Objectives: To determine the long term outcome of ulcerative colitis in patients treated with 6-MP.

Methods: The charts of 105 chronic refractory ulcerative colitis patients treated with 6-MP from 1973-1992 were reviewed. The focus was placed on clinical response, subsequent breakthrough while maintaining 6-MP, and relapse rates when 6-MP was discontinued.

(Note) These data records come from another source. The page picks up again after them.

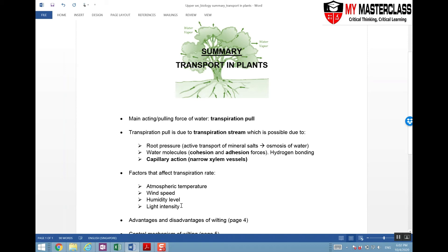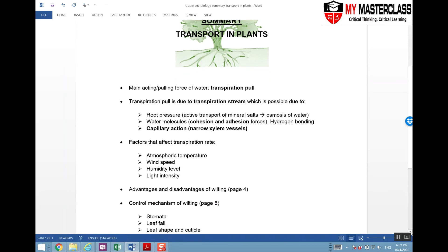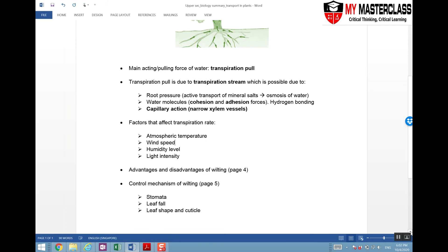The advantages and disadvantages of wilting are covered in the table on page four, and the three mechanisms to control wilting are in the table on page five. Now let's do the worksheets that you have been given and we will go through the answers.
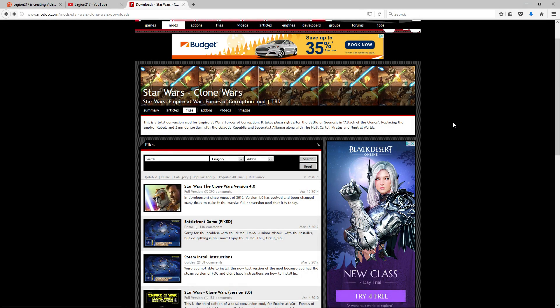What's up ladies and gents, I'm Leech217 and welcome back to another how-to video. Today I'm going to show you how to download the Star Wars Clone Wars mod onto Star Wars Empire at War.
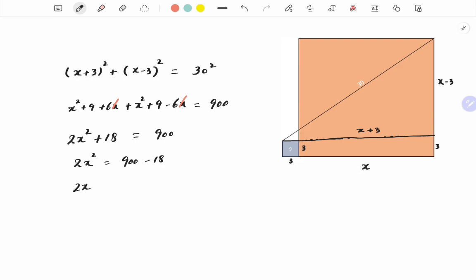2x² = 882, and x² = 441, which is the required area of the large square.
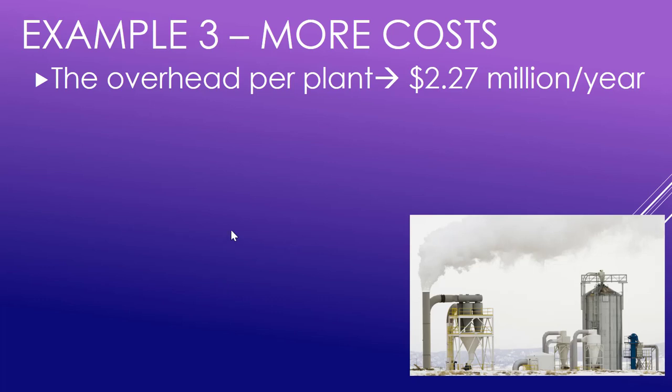Let's keep going with the same wood pellet plant example from before and make it a bit more complex, building up to a more realistic problem here.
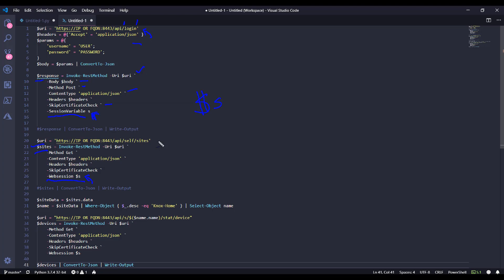So later down the road, when we go to get a list of the sites, we're just going to say, use this web session so that it knows to use the cookie that we've already provided. Now, we're going to be changing the URL here. We're going to be using a method of get. Again, content type and headers are going to be using JSON, skipping the certificate check.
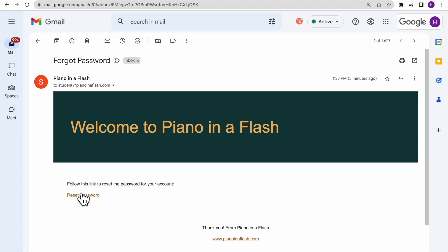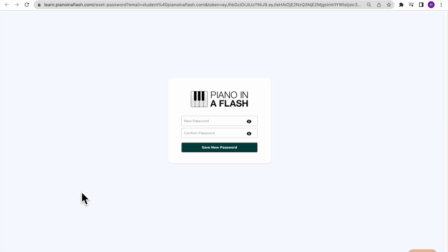Click the Reset Password link inside of your email, and then enter your desired password in both text fields.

Results: Complete clinical remission was achieved in 68 patients (65%), partial remission was achieved in 25 patients (24%), and 12 patients (11%) failed to achieve remission. Of complete responders who continued 6-MP, 35% had a breakthrough, although complete remission was restored in 88% with the majority not requiring systemic steroids. Of complete responders who discontinued 6-MP, 87% subsequently relapsed. There were few major toxicities associated with 6-MP use.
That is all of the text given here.